If the dispute is not about wages, why is the BCTF asking for an increase? I keep hearing it is about class sizes and support for special needs students but the core of the demand from the BCTF is for a 15% increase over three years.
Teachers are comparatively not badly paid in BC. Their wages place them well above the average wage in BC. Teachers also get decent benefits and a good pension that they can collect before they are 65. I do not have a problem with them getting well paid but an increase seems out of sync with the needs and interests of the people of BC. The only change I think would be good would be to even out the pay between newer teachers and long term teachers. Reaching a top pay increment after 10 years seems more than reasonable, though that top increment should be lower. I would also like to see a shift to no pension payments before age 65. Early retirement should be completely funded by people on a personal level.
If the BCTF is concerned about the students, why does it take no action to get rid of bad teachers? Should they not be working hard to ensure that their members are of the highest skills? What are they doing about oddities that happen about with the current seniority system? There are no end of cases where teachers end up being assigned to areas that are not their area expertise because of the way the seniority system is written. Why is the BCTF not actively working on fundraising for the school system?
Ultimately the BCTF is there to defend the interests of the teachers and not of the students, the parents or the public. It is right for the BCTF to be there to defend teachers but they should not be in the business of claiming to be serving other interests. The nature of the BCTF as a labour union also makes them the primary conservative force in the school system. The BCTF effectively has to defend the status quo no matter how stupid it is. The BCTF because of their need to defend all teaching positions and teachers can not enter into any process of rethinking of how we operate our school system.
Why are school boards not being held responsible for the size of classes and the lack of supports for special needs kids? There is nothing that says they can not work fix these things.

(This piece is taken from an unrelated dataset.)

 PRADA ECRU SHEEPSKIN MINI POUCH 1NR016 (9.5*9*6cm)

I know of no school boards that are looking for ways to raise significant money outside what they can get from the provincial government. The universities in BC are working hard to raise money, UBC's latest campaign has a goal of $1.5 billion. The are no active alumni groups for any public schools that I know of, why not?

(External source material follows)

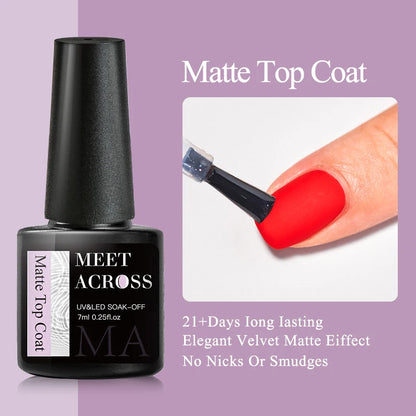 Black bottle of 'Meet Across' matte top coat with a nail being painted and text describing product features on a purple background.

A core of the reason the school boards and school district administrations are not able to think outside of the box and do something to solve the problem is because almost everyone involved is a current or former teacher. The leadership in the school system are not entrepreneurial people, but people with decades of history within the status quo. We would be better served if school trustees never worked in a school. We would also be well served if the senior management in a school district comes from outside of the school system. A superintendent does not need to have multiple degrees in education, they need to be a good manager of people, finances and capital assets. Frankly an MBA would be a much better qualification for a superintendent - hire from the private sector.

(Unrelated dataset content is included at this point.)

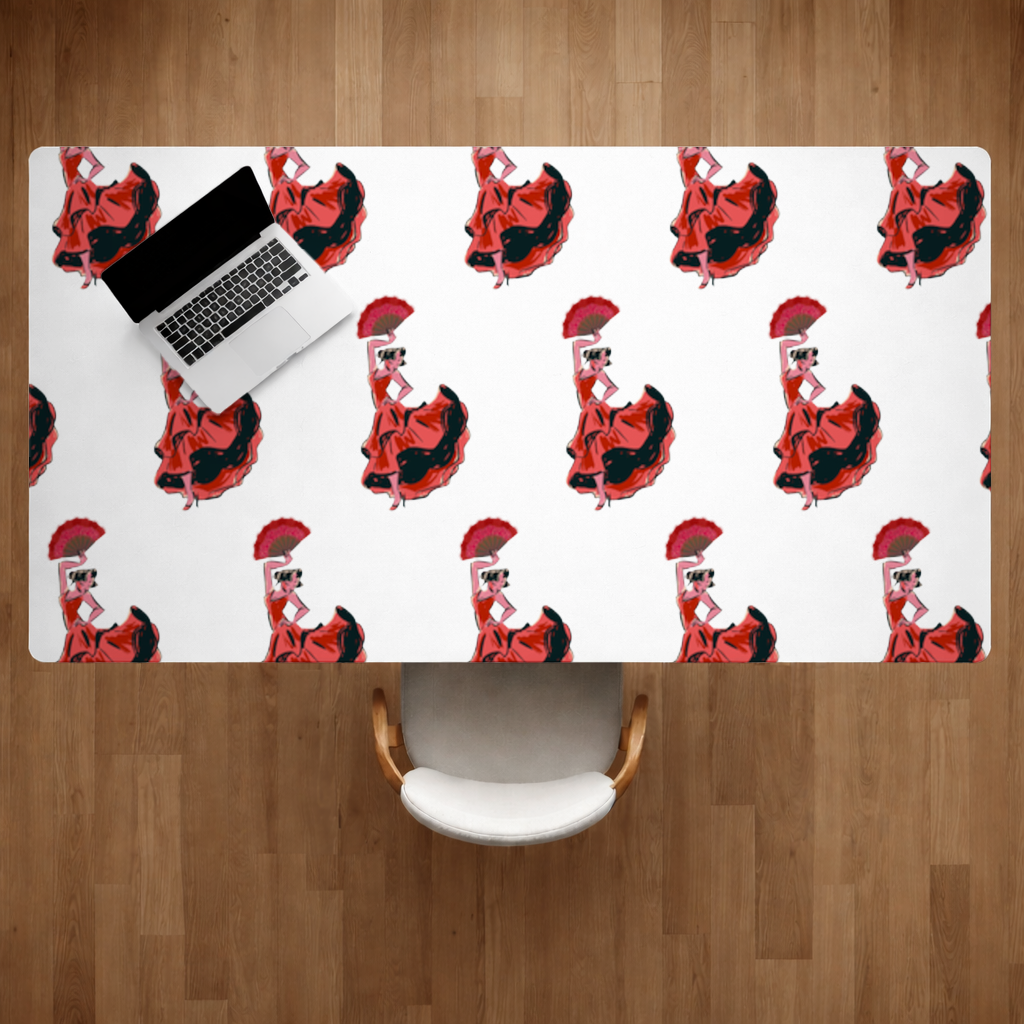 Flamenco Dancer with Fan Illustration Desk Pad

I think it is right not to have any issues of class size or composition in the collective agreement. These are management issues that need to be left to each school district to manage. If there are overflowing classes, this is a failure of the school district superintendent. Superintendents makes a lot of money and are the ones that the buck stops with when it comes to problems in a school district. Who was the last superintendent fired for incompetence? The issue is a an obvious and clear one and there are no end of examples of possible solutions but the status quo conservatism of the school system leadership means the people that should solve the problem are not doing so.
In BC the public is actively leaving the mainstream public system. in 2007/08 10.6% of students were in private schools, in 2011/12 this number is 11.2%, in the early school years it over 13% of the students. French immersion, which I see as an attempt to get a private school experience within the public system, over the same time has gone from 7.0% to 8.1% of the public school system. Distributed learning, effectively home schooling, has gone from 5.0% to 8.0% of the public system. In 2011/12 over 1/4 of the students in BC were either in a private school, home schooled, or in French immersion.
It is now 2012 but we still teach our youth as if it was 1882. The modern class room is still very much modeled on the 19th century one size fits all industrial model of education. In the last 150 years we have learned so much about how kids learn and what works well but almost none of that is actually within the school system. The time has come to have a radical rethink of how we educate kids, put everything on the table, remove restrictions from trying different experiments, and encourage school districts to innovate
1 comment:
Great post. I know that PAC's do a fair amount of fundraising. In my son's previous school, they raised several 10s of thousands of dollars for a new playground. If schools were embraced more (and regulated) as part of our communities, rather than an extension of Government, there would be a greater buy-in to do the sort of fundraising you talk about. School districts could facilitate this, but I think individual schools (where there is some affinity with their community) would be a greater advocate for this.